Dean mentions that classification is an essential part of understanding genre which I agree with because if you don’t understand genre and how it is applied then it is very hard to work with things that are classified in certain genres.
Genres are categorized as:
I think these categories work really well with genres.
Overall from reading Deans article on genres, I feel like I have a better understanding of genres and how they can be applied but there were some areas of Deans article that I felt she didn’t explain a concept fully or she left out details.
Right at the beginning of “The idea of community in the study or writing” Harris makes a point of that during his time at the university, he was part of many discourse communities but was never a full member of one. If we think about this, we can see that it also applies to us as students. We are part of many discourse communities but we do not spend all of our time in one thus making us a member but not a full member. Writing being a discourse community is true and meets the requirements for being one but it is also not a discourse community at the same time. If you are writing a paper for your English class then you are part of the discourse community doing the exact same thing but if you are writing poetry you are not since no two poems are alike and poetry is full of feelings.
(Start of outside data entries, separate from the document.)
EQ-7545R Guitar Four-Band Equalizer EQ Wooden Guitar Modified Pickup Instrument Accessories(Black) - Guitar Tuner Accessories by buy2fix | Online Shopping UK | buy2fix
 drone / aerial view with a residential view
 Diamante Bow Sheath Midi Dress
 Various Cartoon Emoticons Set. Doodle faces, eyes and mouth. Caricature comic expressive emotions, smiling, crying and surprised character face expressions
“The troubles of many student writers, Bartholomae suggests, begin with their inability to imagine such a position of privilege, to define their views against some “common” way of talking about their subject. Instead, they simply repeat in their writing “what everybody knows” or what their professor has told them in her lectures. The result, of course, is that they are penalized for “having nothing really to say.”” I think that what Bartholomae is saying has truth to it. When writing a paper you would following the guidelines thus making you put what your teacher has talked about in your paper. This doesn’t mean there isn’t new information in the paper but it is just reiterating what everyone knows already. This is the main discourse writing community and what we need to do to become better writers is to find a way out of that discourse community and into another one that better fits our needs as writers.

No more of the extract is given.